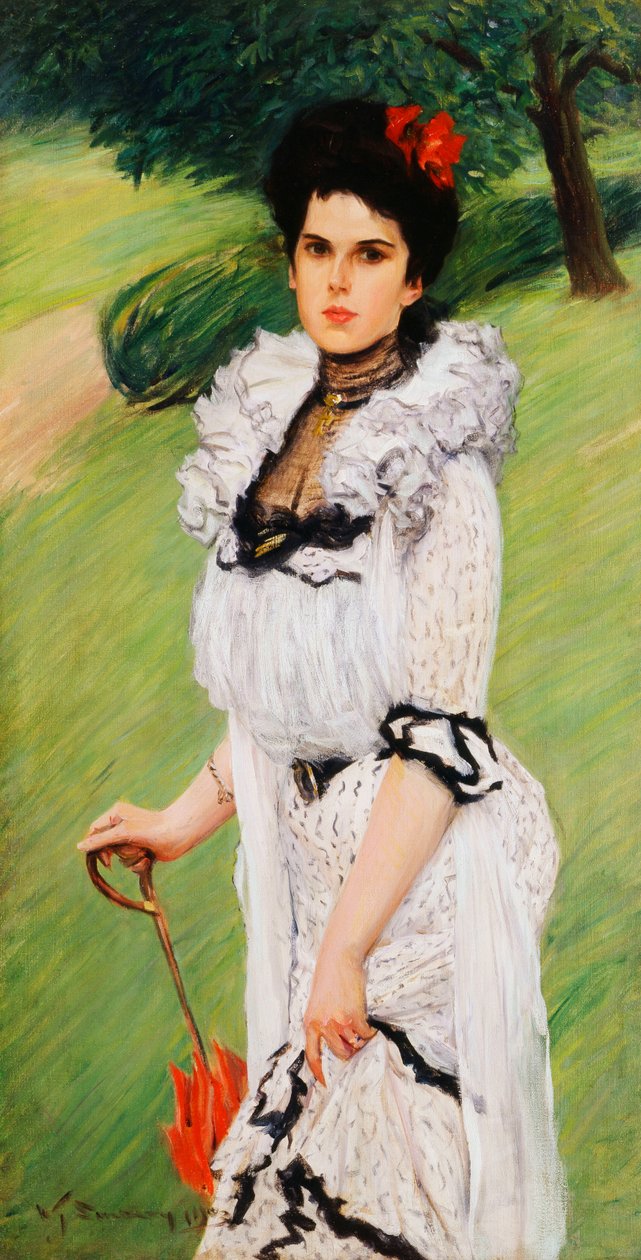 De witte jurk - Portret van een jonge vrouw in een park, 1903 door William Thomas Smedley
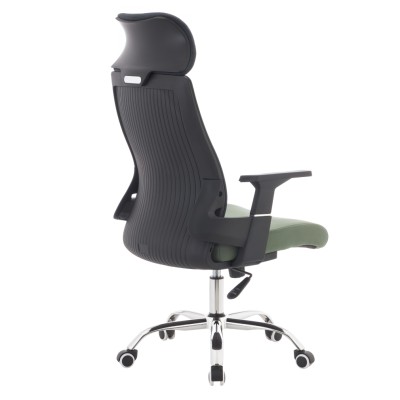 Fotoliu de birou, gri închis/verde/crom, portanţă 150 kg, HOLGER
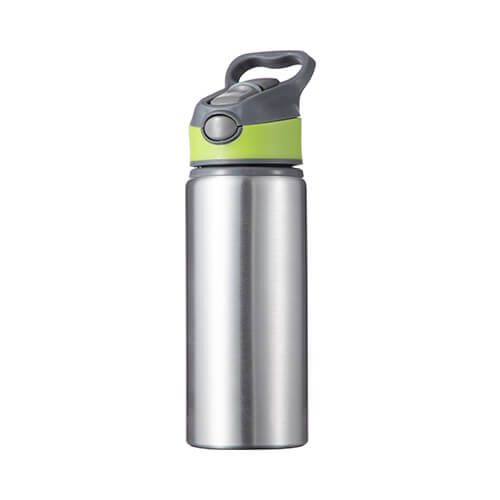 Aluminum water bottle 650 ml silver with a screw cap with a green insert for sublimation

● WHAT TO DO: Return, exactly and without extra lines, everything from the line with "Fotoliu de birou, gri" through the last line of the material above, both included. Pictures must be dropped.

● ANSWER:
 Fotoliu de birou, gri închis/verde/crom, portanţă 150 kg, HOLGER
 Aluminum water bottle 650 ml silver with a screw cap with a green insert for sublimation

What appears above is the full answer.